## Task statement
Please take the records that follow and repeat exactly the lines starting with the line with "ilginç görüntüler oluşturdu" and going on through the line with "Determina el genotipo".

## Data extracts

[Start of section]

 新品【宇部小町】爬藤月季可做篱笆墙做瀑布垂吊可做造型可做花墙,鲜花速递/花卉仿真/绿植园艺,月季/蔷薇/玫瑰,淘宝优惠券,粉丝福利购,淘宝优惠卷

[End of section]
[Start of section]

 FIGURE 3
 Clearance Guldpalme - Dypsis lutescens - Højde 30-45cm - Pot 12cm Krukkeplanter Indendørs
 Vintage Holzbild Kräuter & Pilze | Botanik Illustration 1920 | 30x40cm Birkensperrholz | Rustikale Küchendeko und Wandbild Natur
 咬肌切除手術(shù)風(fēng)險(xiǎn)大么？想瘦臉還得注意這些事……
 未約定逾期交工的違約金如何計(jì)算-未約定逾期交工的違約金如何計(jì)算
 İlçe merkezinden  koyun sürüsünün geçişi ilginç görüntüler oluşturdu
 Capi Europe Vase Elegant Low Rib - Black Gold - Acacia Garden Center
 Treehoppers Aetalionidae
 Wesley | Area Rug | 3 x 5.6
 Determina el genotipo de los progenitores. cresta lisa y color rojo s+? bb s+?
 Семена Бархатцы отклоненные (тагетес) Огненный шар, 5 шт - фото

[End of section]
[Start of section]

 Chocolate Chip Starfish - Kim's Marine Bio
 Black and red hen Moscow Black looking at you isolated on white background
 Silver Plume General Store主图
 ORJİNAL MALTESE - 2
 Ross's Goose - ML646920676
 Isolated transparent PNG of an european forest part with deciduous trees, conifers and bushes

[End of section]

## Response to this exercise
 İlçe merkezinden  koyun sürüsünün geçişi ilginç görüntüler oluşturdu
 Capi Europe Vase Elegant Low Rib - Black Gold - Acacia Garden Center
 Treehoppers Aetalionidae
 Wesley | Area Rug | 3 x 5.6
 Determina el genotipo de los progenitores. cresta lisa y color rojo s+? bb s+?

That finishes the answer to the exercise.